First, what are full text feeds? RSS feeds allow you to syndicate many site's content into a news reader of your choice. This allows you to keep up to date on many sites without having to visit each site every day just to see if something new has been published. Instead, the content comes to you. Personally, I use Bloglines to track the latest content on around 100 blogs and news sites each day, and also use it to track new classifieds on Craigslist categories that interest me, and the Dilbert's daily cartoon.

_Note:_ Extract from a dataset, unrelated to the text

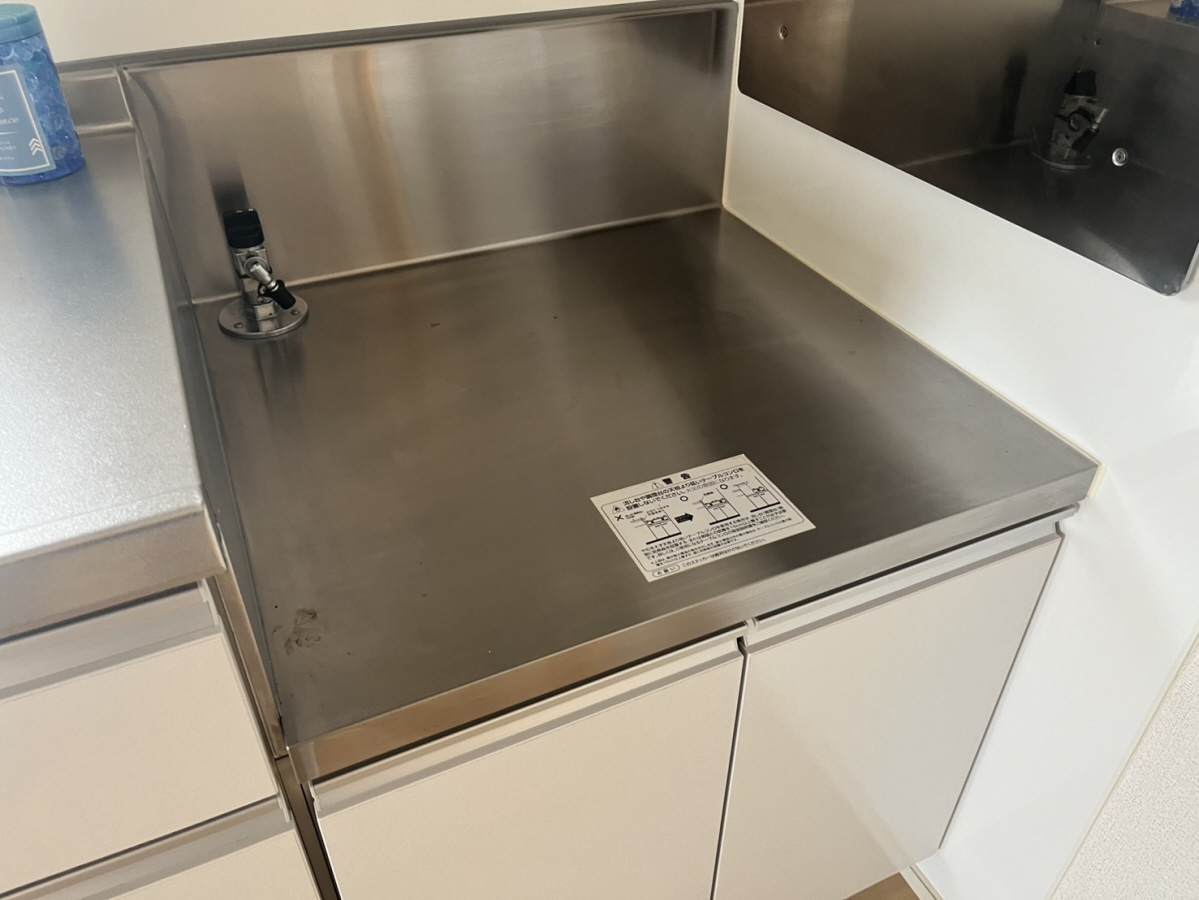 キッチン 写真19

Content publishers choose between publishing the full text of their content in their feeds, or limiting it to something less than 100%, such as just headlines or a headline together with a snippet or summary of the story's content. Subscribing to Technology Evangelist will show you exactly what full-text feeds look like. :-) The biggest advantage of using full-text feeds is the time it saves regular readers of your site. Do you really want to force them to click through to your site to read every article? Clearly, they'll need to click through to read or post comments related to an article, but forcing them to click through just to read a post or article is an annoyance.

The full-text feed problem Rubel refers to is caused by spammers plagiarizing bloggers and other content creator's wholesale RSS feeds as "content" for their sites. One way to address this problem - as Rubel describes - is to switch to publishing partial feeds. However, does this really solve the problem?

In my experience, spammers will steal RSS content from full or partial feeds. Either way, it's an easy way for them to gain daily access to a fresh supply of free content for their spam sites. The most blatant example of this comes from spammer's scraping of Google News search results where only a headline and, at most, a sentence of an article's content is available. I've written before about Google News and AdSense's Role in Blog Spam, and haven't seen any improvements since February.

Personally, I think full-text feeds continue to be the way to go. To address the plagiarism issue, Technology Evangelist publishes ads within our RSS feed which then end up on spammer's site when they steal our content. If they're going to steal our content, steal our ads too, right? Additionally, we cross link to other content our on site using absolute URLs leading to multiple links back to our site from sites where our content ends up. Sure, spammers could scrape out the ads and back links, but that doesn't seem to be a priority for today's spammers.

But most importantly, we do this out or respect for our readers. We know that we prefer reading RSS feeds from sites publishing full-text feeds and assume you do too. If for some reason you don't like full text feeds, you'll generally have the option to crop our feeds using the RSS reader of your choice.

How do you think plagiarism and splogs effect RSS feeds? Have you done anything to address this issue? Will spammers simply switch to scraping content if RSS feeds were restricted? Is there a way to authenticate RSS feeds so only legitimate users have access to them without causing logistical pain for users?